Show $\phi$ is well defined and injective function.

Let $G$ be a group, and $X$ a group homomorphism from $G$ to $GL_d(\mathbb{C})$. Define a function

$\phi:G/N → GL_d(\mathbb{C})$ by $\phi(gN) = X(g)$

where $N = {\{g \in G: X(g) = I}\}$.

show that $\phi$ is a well defined function and that $\phi$ is faithful.

attempt: Let $x = g_1N$ and $y = g_2N$, then $x = y$ implies $g_1N = g_2N$, then $\phi(g_1N) = \phi(g_2N)$ implies $X(g_1) = X(g_2)$ implies $I = I$ So $\phi$ is well defined.

And recall that $\phi$ is faithful, if it's injective. And $\phi$ is injective if and only if the kernel $\phi$ is the identity subgroup of $G$.

So for all $\phi(x) =\phi(y)$ then $\phi(g_1N) = \phi(g_2N)$ implies $X(g_1) = X(g_2)$ implies $I = I$. So $\phi$ is injective.

Can someone please verify this, or help me if it's incorrect. Any feedback would really help . Thank you!

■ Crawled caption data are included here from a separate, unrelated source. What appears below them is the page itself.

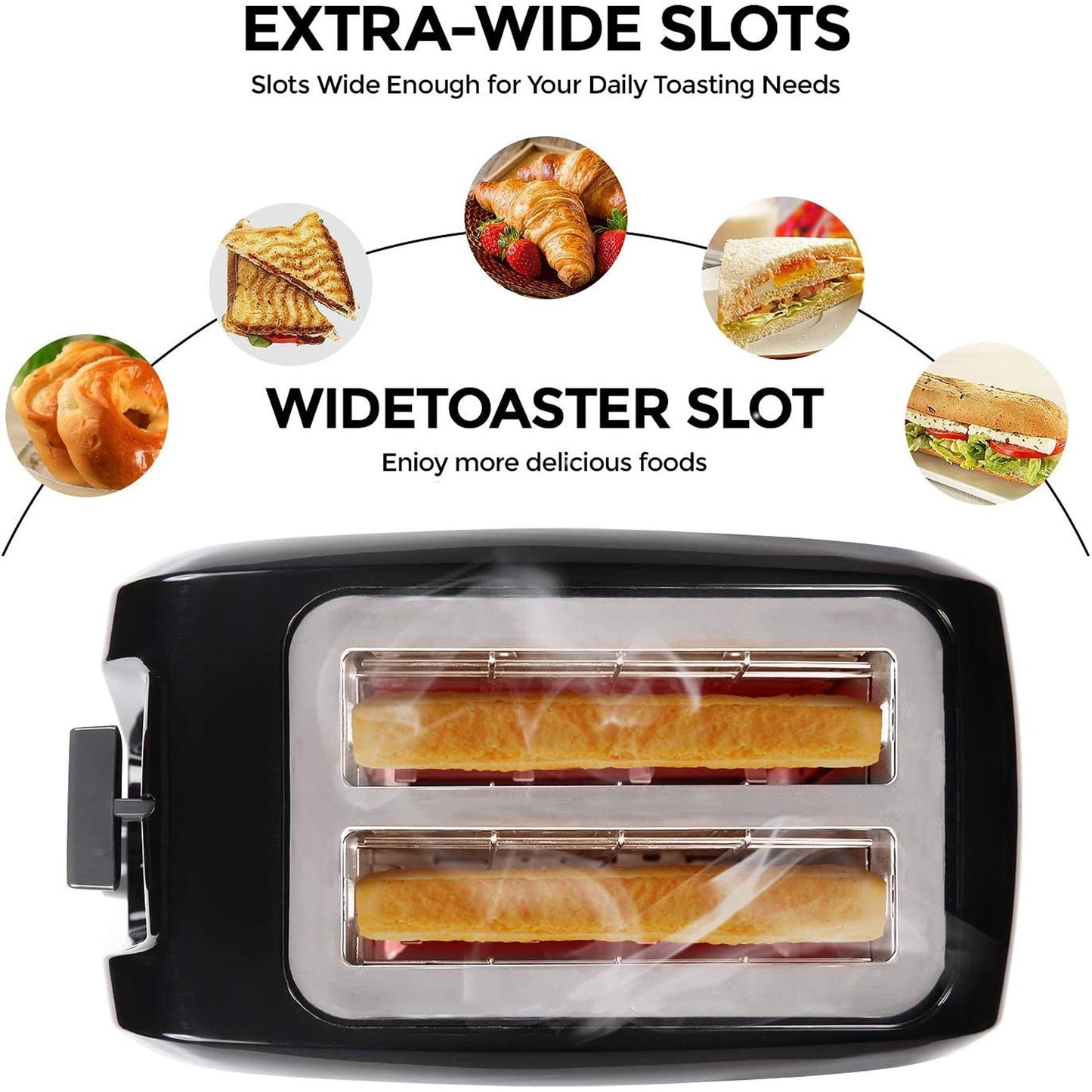 2 Slice Toaster, Stainless Steel Toaster 7 Bread Shade Settings, Warming Rack Defrost/Reheat/Cancel, Extra Wide Slots, Removable Crumb Tray 800 W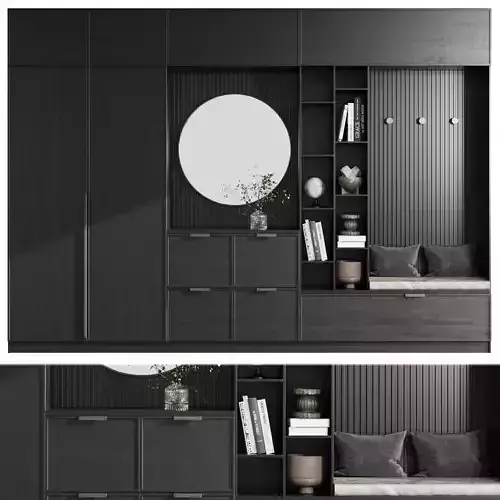 Hallway Furniture black wooden set 02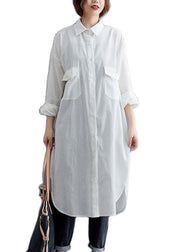 Plus Size White Peter Pan Collar Button Patchwork Cotton Shirts Dress Fall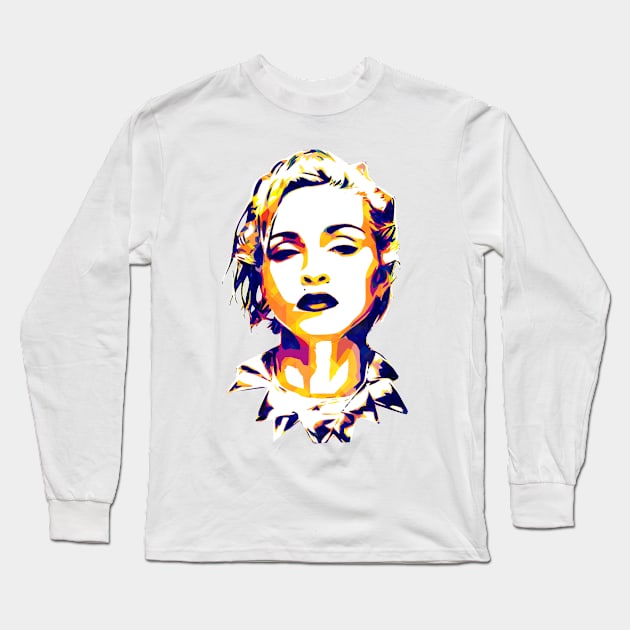 Madonna Pop Art Long Sleeve T-Shirt by Creativedy Stuff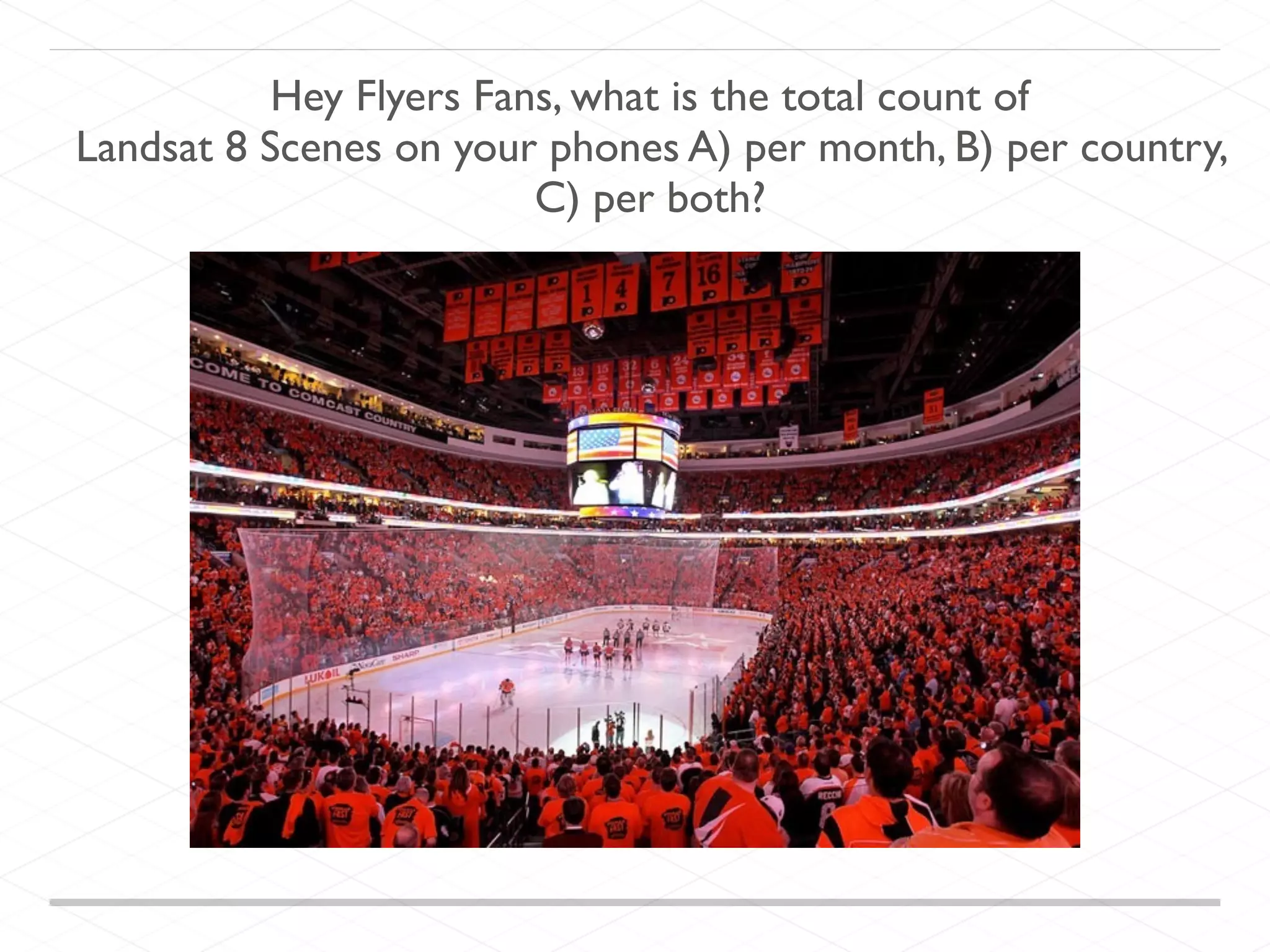 Hey Flyers Fans, what is the total count of
Landsat 8 Scenes on your phones A) per month, B) per country,
C) per both?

• Why does $g_1N = g_2N$ imply $X(g_1) = X(g_2)$? You need to argue this in order to show that $\phi$ is well defined.
– D_S
Feb 29 '16 at 21:05
• Also, to show injectivity, you need to show that if $\phi(g_1N) = \phi(g_2N)$, then $g_1N = g_2N$. You don't appear to have shown this.
– D_S
Feb 29 '16 at 21:05
• For injectivity, I know $\phi(g_1N) = \phi(g_2N)$ implies $X(g_1) = X(g_2)$ implies $I = I$ , so from $I = I$ I would have to conclude $I = I$ has to implie $g_1N = g_2N$? Feb 29 '16 at 21:14
• You seem to have ommited the definition of $\;X\;$ . Is that some kind of representation of $\;G\;$ ? Also, shouldn't the definition of $\;N\;$ be $\;N=\{g\in G\;:\;X(g)=I\}\;?$ Feb 29 '16 at 21:52
• Yes, you were right! N is the kernel Feb 29 '16 at 23:31

Here is a correct proof. I am relying on the fact that in any group $G$, two cosets $g_1H$ and $g_2H$ of a given subgroup $H$ are equal if and only if $g_1^{-1}g_2 \in H$.
Well defined: suppose $x = g_1N$ and $y = g_2N$. To say that $\phi$ is well defined is to say that if $x = y$, then $X(g_1) = X(g_2)$. Since $g_1N = g_2N$, you must have $g_1^{-1}g_2 \in N$. Hence $X(g_1^{-1}g_2) = I$. But then $$I = X(g_1^{-1}g_2) = X(g_1^{-1}) \cdot X(g_2) = X(g_1)^{-1} X(g_2)$$ so $X(g_1) = X(g_2)$.
Injectivity: the same argument backwards. Suppose $\phi(g_1N) = \phi(g_2N)$. We need to show that $g_1N = g_2N$. By hypothesis, $X(g_1) = X(g_2)$, so $X(g_1^{-1}g_2) = I$, hence $g_1^{-1}g_2 \in N$, hence $g_1N = g_2N$.